За стеною, в столярной, давно прекратились звуки гармонии и топот пляшущих святочников, и на меревском дворе все уснуло. Даже уснула носившаяся серыми облачными столбами воющая русская кура, даже уснул и погас огонек, доев сальный огарок, в комнате Помады. Не спала только холодная луна. Выйдя на расчистившееся небо, она смотрела оттуда, хорошо ли похоронила кура тех, кто с нею встретился, идучи своим путем-дорогою. Да не спал еще Юстин Помада, который не заметил, как догорела и сгасла свечка и как причудливо разрисованное морозом окно озарилось бледным лунным светом. Он все бегал и бегал по своей комнате, оправдывая сделанное на его счет сравнение с полевым волком, содержащимся в тесной клетке.

«Дичь какая! – думал между прочим, бегая, Помада. – Все идеалы мои он как-то разбивает. Материалист он… а я? Я…»

Без ответа остался этот вопрос у Помады.

«Я вот что, я покажу… что ж я покажу? что это в самой вещи? Ни одной привязанности устоявшейся, серьезной: все как-то, в самом деле, легко… воздушно… так сказать… расплывчато. Эка натура проклятая!»

«А впрочем, – опять размышлял Помада, – чего ж у меня нет? Силы? Есть. Пойду на смерть… Эка штука! Только за кого? За что?»
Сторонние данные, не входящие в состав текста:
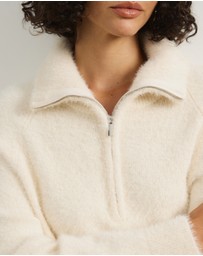 Atmos&Here - Jordie Half Zip Fluffy Turtleneck Sweater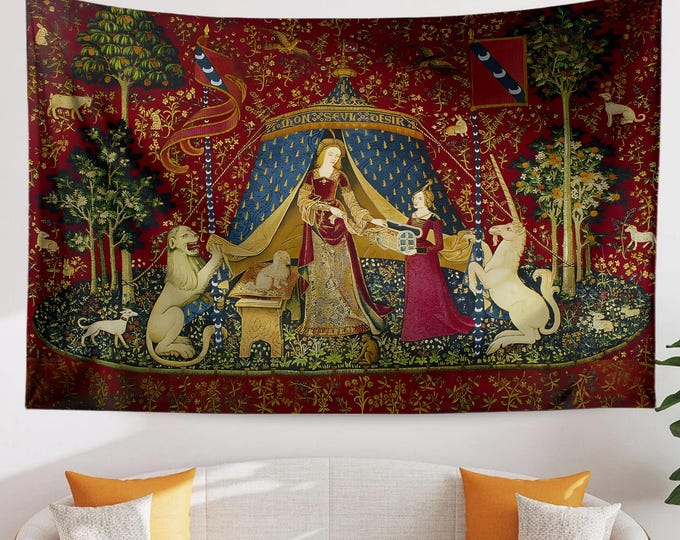Featured listing image: Medieval Tapestry Wall Art - The Lady and The Unicorn Desire Woven Hanging, Historic Middle Ages Decor, Vintage Style Antique Tapestry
«Не за кого, не за кого», – решил он.

«А любовь-то, в самом деле, не на уважении держится… Так на чем же? Он свою жену любит. Вздор! Он ее… жалеет. Где любить такую эгоистичную, бессердечную женщину. Он материалист, даже… черт его знает, слова не придумаешь, чтό он такое… все отрицает… Впрочем, черт бы меня взял совсем, если я что-нибудь понимаю… А скука-то, скука-то! Хоть бы и удавиться так в ту же пору».